• **TASK TO COMPLETE**: Please return the listing below exactly, without any of its pictures.

• **DATASET EXCERPT**:
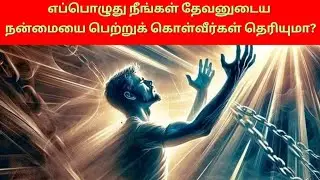எப்பொழுது நீங்கள் தேவனுடைய நன்மையை பெற்றுக் கொள்வீர்கள் தெரியுமா?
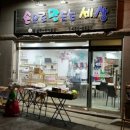 손으로만드는세상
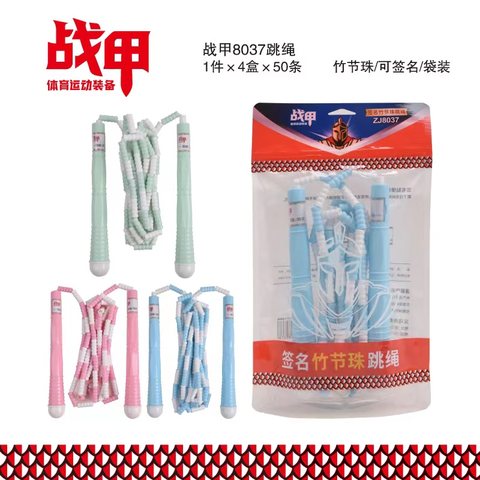 战甲ZJ8037跳绳-竹节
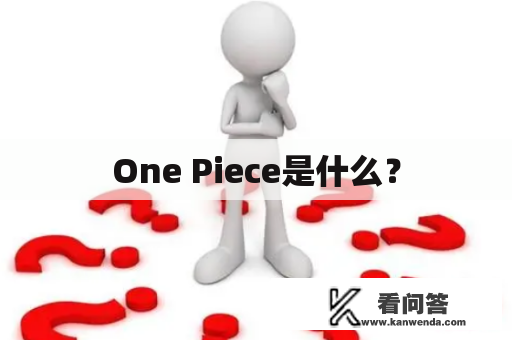 One Piece是什么？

• **ANSWER BELOW**:
எப்பொழுது நீங்கள் தேவனுடைய நன்மையை பெற்றுக் கொள்வீர்கள் தெரியுமா?
 손으로만드는세상
 战甲ZJ8037跳绳-竹节
 One Piece是什么？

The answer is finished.